The world is in a period of tremendous crisis and upheaval, and it is the duty of communists to struggle to wrench the best possible outcome for the masses of people out of this horror. Faced with unprecedented opportunities, but also unprecedented dangers, the U.S. imperialists have embarked on the dangerous course of reworking international relations to ensure their dominance for decades to come. The key to their plan is to win uncontested control of the oil resources in the Middle East, and in the process use their one-sided military and economic advantages to stamp out opposition from revolutionary people’s movements and those countries that are trying to assert their independence of U.S. control.
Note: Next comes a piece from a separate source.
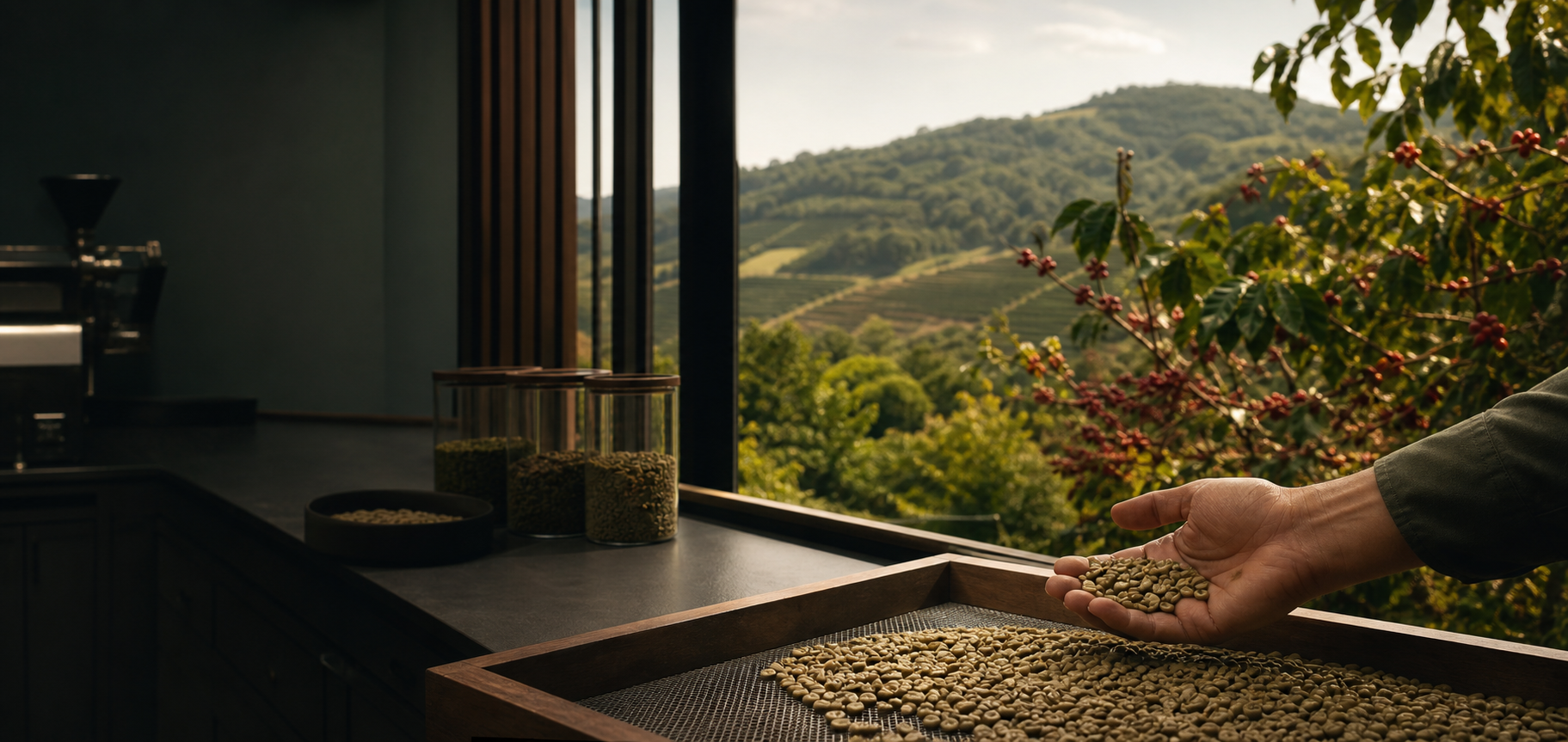 Profissional da Coffee Brasil realizando prova de xícara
The heroic resistance of the Iraqi people has created a great obstacle to the imperialists’ plans. As the imperialists become overstretched militarily and face increasing economic difficulties, they will find themselves unable to effectively intervene and enforce their interests in other spheres. This backlash from their imperial hubris, combined with the successful struggles of revolutionary people’s wars and other people’s struggles, and the emergence of more assertive capitalist rivals, will create a cauldron of contradictions that will allow the revolutionary communists to come to power and build socialist societies in many parts of the globe, potentially even right within the United States.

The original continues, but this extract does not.